Transferring this expertise into the development of a broad-based sports and fitness training programme has already resulted in three modular ITS courses. Here the emphasis, rather than on treating clients direct, is on training sports coaches and fitness professionals to conduct their own biomechanical screening, helping to disseminate Martin’s hard-won intelligence across a much broader spectrum of athletes, players and fitness enthusiasts than he could hope to reach himself.

Staged regularly at mainly sporting venues around the country, the three one-day courses focus on biomechanical screening, injury prevention and developing optimum performance, progressively addressing what Martin terms the normalise, stabilise and functionalise phases, while there is also an accredited diploma course for would-be Biomechanics coaches. Delivered by Martin and his team of Master Biomechanics coaches, the trainers’ courses have been endorsed by UK Athletics and Skills Active, and approved by the PGA, for training their golf coaches engaged with elite players on the European Tour. Outside sport, Martin is working with the Police Force about training a cohort of PT instructors and occupational health nurses to carry out pre-recruitment screening and address duty-related physical problems.
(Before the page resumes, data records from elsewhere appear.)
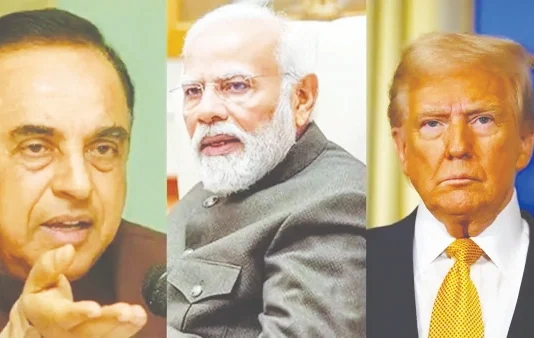 பிரதமர் மோடி ராஜினாமா செய்ய நேரிடும் – சுப்பிரமணியன் சுவாமி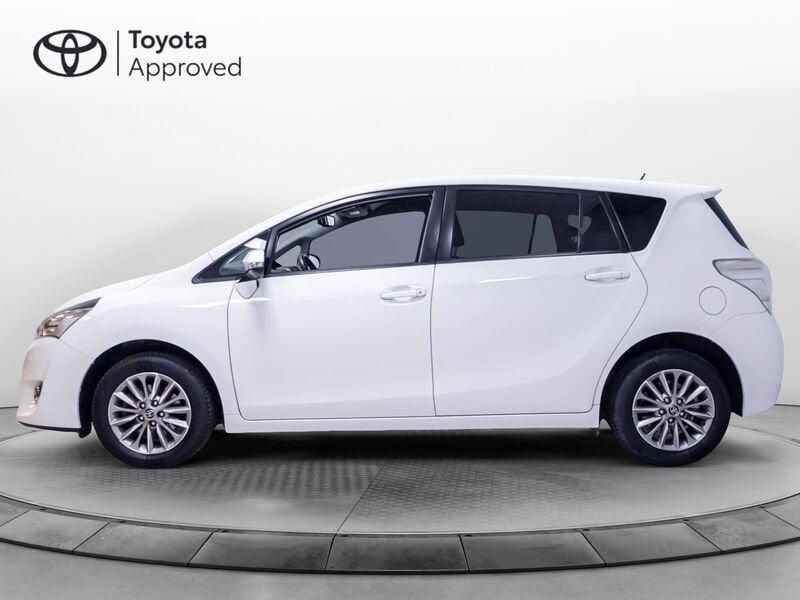 Toyota Verso 2013 Benzina 1.6 Active 5p.ti mt my16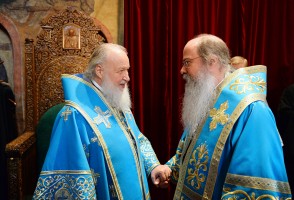 Patriarch Kirill: “Orthodox Church is the…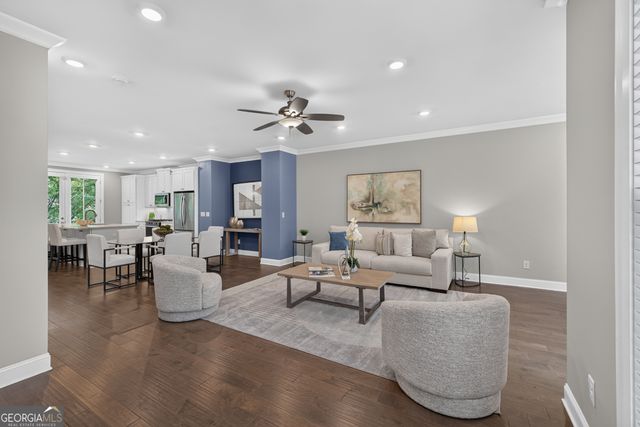 3863 Firewood Lane, Suwanee, GA 30024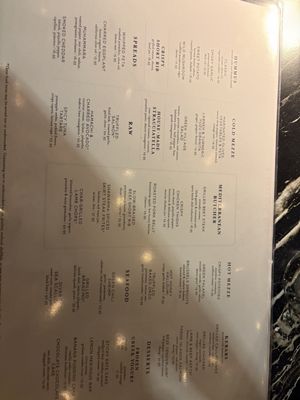 Menu photo 4 ABA Nashville, TN Menu photo 4 ABA Nashville, TN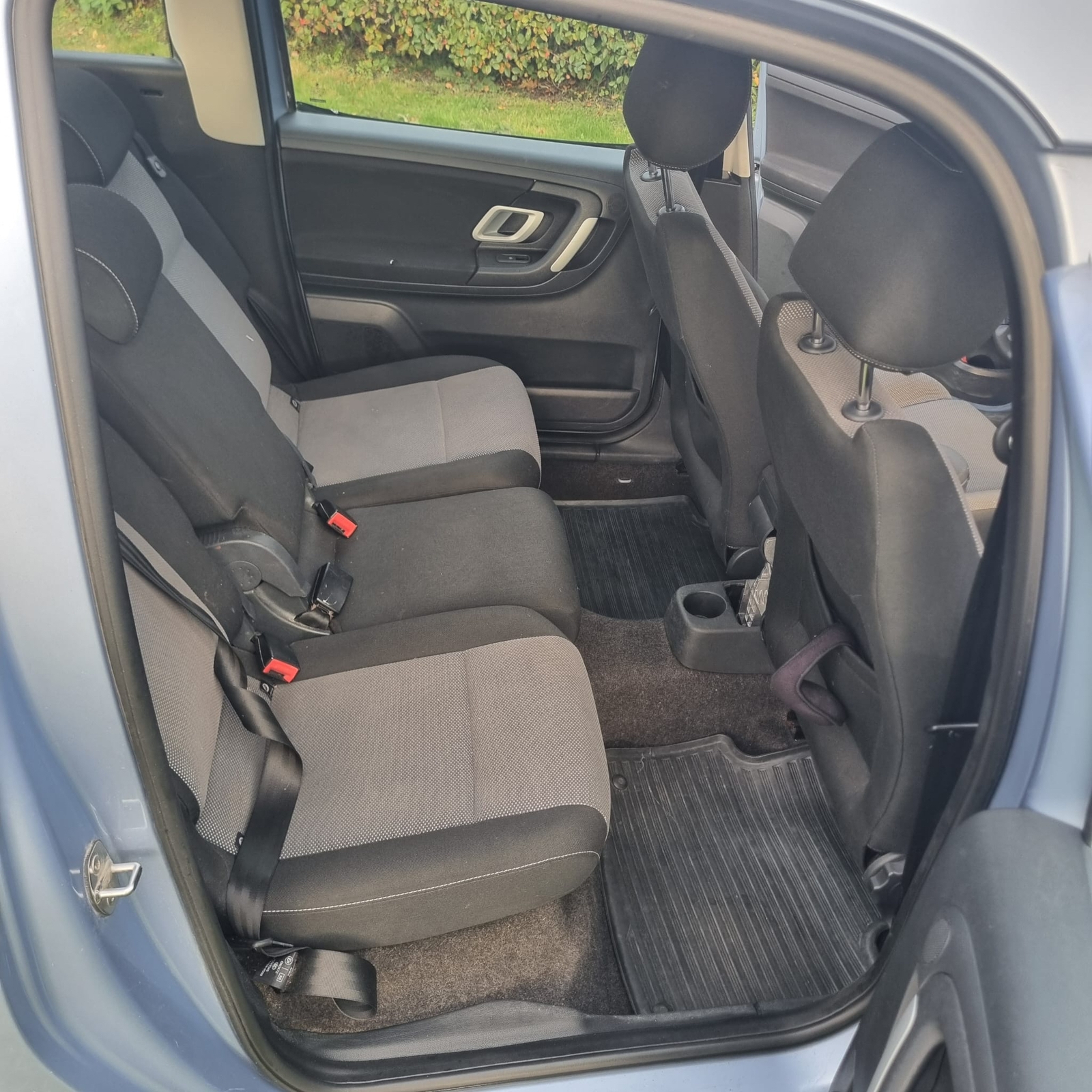 Skoda Roomster 1.4 MPI Manuell 2008, bild 7/9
Martin firmly believes that an understanding of an individual’s biomechanical make-up is critical, if professional coaches, therapists and fitness trainers are to prescribe safe and effective exercises, so this pyramid approach of training the trainers will help dramatically reduce the risk of injury recurrence and improve the functional performance of many sports stars. The results of this innovative work is being seen now and will be seen in the years to come.